CS 880: ALGORITHMS FOR MASSIVE DATASETS

    Engr 1213 MWF 11:00-12:15PM
    Fall 2017

 



      Piazza
      Calendar


       UW CS
       Theory Group




    Course description and content

    Historically, computational efficiency in algorithm design has been equated with polynomial running times. Increasingly algorithms are being applied in scenarios where even linear running times are too expensive, and the input data is so large as to not fit into the main memory of a single machine. In this course we will explore algorithmic ideas and techniques developed specifically for this "big data" regime. The course will cover the following main themes: streaming/sketching, dimension reduction, sublinear time algorithms such as property testing, parallel algorithms and the map-reduce paradigm, and applications to machine learning. Along the way we will study several algorithmic "greatest hits" such as PCA/SVD, locality sensitive hashing, regression, k-means, and compressed sensing. Some links are provided as references for course material at the bottom of this page.

    Course calendar

    This course meets on M/W/F but on average we will meet twice a week. Please subscribe to the course Google calendar to keep track of meeting times, as well as homework release and due dates. Use this link to subscribe in iCal format, or this to view the calendar in HTML format.

    Prerequisites

    Students are required to have taken an ungraduate level algorithms and an undergraduate level computational complexity course (e.g. CS 577 and CS 520), and are expected to have a thorough understanding of basic algorithm design techniques, randomness, and basic complexity theory. Graduate level theory courses, particularly good understanding of the design and analysis of randomized algorithms, are a plus. If you have not taken the aforementioned courses but believe you have the necessary background for this course, please contact the instructor for permission.

    Evaluation

    Course evaluation will be based on several homeworks, a project, and scribe notes. The homeworks are expected to be challenging. Collaboration will be allowed and encouraged, but solutions must be submitted individually. The project will involve self-studying one or more papers related to the course topic, preparing a survey report, and giving a short presentation towards the end of the semester. Suggested topics and instructions for preparing your report will be announced at the beginning of the semester. Each student is also required to do their fair share of scribing lecture notes.

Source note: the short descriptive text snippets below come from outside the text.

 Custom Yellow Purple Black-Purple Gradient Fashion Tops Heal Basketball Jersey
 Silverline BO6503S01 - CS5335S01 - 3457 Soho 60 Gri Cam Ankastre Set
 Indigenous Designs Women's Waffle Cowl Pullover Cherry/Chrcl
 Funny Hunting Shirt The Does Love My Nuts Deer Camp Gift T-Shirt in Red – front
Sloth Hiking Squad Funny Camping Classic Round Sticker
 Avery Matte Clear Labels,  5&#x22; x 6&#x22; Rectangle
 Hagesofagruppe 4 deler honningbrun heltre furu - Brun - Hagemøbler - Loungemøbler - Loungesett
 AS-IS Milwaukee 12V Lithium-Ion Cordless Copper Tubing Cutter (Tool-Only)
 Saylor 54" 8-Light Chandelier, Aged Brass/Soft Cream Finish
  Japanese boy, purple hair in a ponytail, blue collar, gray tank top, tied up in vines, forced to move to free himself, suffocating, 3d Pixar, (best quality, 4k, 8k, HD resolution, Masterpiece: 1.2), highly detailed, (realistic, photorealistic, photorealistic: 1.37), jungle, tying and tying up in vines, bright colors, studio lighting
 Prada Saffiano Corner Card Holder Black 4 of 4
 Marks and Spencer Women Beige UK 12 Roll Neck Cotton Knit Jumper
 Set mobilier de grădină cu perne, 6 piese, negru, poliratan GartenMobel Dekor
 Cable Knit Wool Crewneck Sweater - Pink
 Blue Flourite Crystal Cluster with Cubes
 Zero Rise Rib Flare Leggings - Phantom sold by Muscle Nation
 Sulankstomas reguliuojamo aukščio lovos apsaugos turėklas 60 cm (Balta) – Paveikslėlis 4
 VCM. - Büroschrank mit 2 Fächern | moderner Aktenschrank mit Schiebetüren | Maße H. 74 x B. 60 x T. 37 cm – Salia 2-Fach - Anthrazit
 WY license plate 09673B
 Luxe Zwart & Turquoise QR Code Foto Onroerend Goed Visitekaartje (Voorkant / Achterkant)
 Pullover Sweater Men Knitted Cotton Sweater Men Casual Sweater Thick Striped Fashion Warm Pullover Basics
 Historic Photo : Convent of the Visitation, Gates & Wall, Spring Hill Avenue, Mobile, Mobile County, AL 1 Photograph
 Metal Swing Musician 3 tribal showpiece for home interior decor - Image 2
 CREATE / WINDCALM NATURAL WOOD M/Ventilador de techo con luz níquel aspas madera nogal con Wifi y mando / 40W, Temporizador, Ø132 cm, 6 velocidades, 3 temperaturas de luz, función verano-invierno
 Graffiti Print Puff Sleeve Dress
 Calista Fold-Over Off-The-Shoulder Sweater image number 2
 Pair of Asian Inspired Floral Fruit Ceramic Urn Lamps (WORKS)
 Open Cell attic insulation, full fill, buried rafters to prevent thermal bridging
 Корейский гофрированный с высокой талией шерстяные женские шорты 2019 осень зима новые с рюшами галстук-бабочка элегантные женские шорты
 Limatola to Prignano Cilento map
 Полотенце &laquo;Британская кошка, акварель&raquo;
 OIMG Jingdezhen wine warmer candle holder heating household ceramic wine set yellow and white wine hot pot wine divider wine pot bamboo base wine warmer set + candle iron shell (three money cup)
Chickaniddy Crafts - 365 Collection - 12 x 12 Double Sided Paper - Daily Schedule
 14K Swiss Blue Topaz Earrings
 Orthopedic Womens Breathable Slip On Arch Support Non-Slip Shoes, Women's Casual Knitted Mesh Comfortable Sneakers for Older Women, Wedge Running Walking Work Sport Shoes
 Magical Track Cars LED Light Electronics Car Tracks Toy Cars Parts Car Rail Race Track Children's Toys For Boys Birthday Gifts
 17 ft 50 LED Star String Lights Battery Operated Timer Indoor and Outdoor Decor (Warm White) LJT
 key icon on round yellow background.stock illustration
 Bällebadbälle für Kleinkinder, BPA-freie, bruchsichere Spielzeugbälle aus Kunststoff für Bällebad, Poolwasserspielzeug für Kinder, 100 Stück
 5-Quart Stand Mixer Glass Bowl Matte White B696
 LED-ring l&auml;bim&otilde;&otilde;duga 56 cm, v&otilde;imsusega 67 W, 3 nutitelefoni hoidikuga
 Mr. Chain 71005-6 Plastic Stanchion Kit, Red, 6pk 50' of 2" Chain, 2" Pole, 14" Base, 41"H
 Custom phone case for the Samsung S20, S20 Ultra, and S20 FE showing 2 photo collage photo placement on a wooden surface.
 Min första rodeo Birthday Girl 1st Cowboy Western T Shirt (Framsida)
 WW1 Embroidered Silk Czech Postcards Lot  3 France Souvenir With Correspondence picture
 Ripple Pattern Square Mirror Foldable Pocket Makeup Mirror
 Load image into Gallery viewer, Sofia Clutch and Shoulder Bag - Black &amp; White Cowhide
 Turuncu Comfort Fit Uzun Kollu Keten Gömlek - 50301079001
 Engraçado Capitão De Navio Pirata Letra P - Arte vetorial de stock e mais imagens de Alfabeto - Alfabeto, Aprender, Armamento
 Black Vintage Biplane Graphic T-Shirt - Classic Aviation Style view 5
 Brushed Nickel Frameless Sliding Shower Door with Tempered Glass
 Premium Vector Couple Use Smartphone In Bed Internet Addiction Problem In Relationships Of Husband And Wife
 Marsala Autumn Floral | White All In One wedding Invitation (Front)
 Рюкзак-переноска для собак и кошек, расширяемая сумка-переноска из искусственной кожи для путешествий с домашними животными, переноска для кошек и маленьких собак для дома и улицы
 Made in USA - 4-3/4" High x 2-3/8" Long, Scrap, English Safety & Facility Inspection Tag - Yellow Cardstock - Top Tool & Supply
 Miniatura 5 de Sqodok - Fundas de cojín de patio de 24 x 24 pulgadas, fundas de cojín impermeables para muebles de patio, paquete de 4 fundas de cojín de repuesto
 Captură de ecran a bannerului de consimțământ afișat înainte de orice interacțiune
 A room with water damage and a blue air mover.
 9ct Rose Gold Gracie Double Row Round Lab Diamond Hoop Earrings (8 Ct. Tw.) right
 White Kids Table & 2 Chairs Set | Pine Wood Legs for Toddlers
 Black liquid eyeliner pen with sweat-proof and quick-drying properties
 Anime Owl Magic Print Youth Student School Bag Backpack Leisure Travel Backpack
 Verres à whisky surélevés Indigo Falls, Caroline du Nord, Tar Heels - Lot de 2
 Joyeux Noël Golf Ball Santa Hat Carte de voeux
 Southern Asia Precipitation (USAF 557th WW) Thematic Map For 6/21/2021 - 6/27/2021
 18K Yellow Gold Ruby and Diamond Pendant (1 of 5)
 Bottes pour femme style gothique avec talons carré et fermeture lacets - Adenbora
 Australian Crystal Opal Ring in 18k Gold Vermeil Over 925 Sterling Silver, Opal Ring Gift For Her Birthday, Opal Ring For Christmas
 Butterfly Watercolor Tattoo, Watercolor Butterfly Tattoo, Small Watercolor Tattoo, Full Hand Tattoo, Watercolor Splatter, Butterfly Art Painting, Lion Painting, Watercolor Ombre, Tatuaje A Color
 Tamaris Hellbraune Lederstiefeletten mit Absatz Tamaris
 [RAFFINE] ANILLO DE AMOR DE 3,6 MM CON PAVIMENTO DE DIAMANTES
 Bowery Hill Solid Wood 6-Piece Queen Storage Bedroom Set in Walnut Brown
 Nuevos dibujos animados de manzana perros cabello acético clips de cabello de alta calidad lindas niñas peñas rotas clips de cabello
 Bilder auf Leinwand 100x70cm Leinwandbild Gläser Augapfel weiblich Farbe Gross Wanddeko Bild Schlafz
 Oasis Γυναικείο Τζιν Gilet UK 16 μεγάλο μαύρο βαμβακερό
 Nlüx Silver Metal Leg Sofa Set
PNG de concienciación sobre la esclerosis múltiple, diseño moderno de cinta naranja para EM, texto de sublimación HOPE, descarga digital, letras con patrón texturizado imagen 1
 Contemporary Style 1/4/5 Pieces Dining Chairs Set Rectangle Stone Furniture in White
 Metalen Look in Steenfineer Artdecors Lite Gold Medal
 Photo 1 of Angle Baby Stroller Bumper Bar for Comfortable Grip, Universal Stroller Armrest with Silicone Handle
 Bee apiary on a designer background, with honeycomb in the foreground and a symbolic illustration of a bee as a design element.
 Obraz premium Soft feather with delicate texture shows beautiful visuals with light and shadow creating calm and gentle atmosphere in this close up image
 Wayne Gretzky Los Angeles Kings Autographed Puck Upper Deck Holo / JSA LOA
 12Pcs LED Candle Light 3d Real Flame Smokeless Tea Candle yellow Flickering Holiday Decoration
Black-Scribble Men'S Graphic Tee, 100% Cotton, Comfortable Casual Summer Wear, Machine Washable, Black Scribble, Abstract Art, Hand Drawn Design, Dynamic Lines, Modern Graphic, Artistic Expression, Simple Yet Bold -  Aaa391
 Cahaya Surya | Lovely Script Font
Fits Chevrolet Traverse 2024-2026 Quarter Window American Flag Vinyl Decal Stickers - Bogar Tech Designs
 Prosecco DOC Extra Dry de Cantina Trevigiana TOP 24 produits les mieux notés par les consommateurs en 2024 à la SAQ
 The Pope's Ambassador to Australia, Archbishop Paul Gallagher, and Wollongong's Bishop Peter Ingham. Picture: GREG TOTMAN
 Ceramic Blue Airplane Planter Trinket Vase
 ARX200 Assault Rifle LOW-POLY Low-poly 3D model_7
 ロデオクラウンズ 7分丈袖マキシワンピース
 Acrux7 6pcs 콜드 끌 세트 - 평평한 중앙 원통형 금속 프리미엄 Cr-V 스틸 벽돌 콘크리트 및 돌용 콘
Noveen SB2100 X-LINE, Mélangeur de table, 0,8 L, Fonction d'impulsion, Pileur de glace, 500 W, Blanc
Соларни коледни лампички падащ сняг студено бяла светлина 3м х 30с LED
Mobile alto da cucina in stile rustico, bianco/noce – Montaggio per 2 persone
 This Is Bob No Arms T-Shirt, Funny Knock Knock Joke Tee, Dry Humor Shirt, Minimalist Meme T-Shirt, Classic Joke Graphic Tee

    Instructor: Prof. Shuchi Chawla

    Office Hours: Fridays 1:00-3:00 pm in CS 4373, or by appointment.

    Online Forum: We will use Piazza for all course related activity -- discussions, announcements, sharing of resources, etc. Lecture notes and homework will also be posted there. Sign-up here.

    Textbook/References

    There are no textbooks for this course. For some topics we will use the textbook by Blum, Hopcroft, and Kannan, that is available here for free. For other topics, we will use lecture notes from other sources, and in some cases research papers. See below for links to similar courses elsewhere with lecture notes. We will most frequently use these sources as readings.

    Reading material in the form of lecture notes, surveys, and research papers will be posted over time on Piazza. Students are expected to scribe lectures; These scribe notes will be made available on Piazza on a timely basis.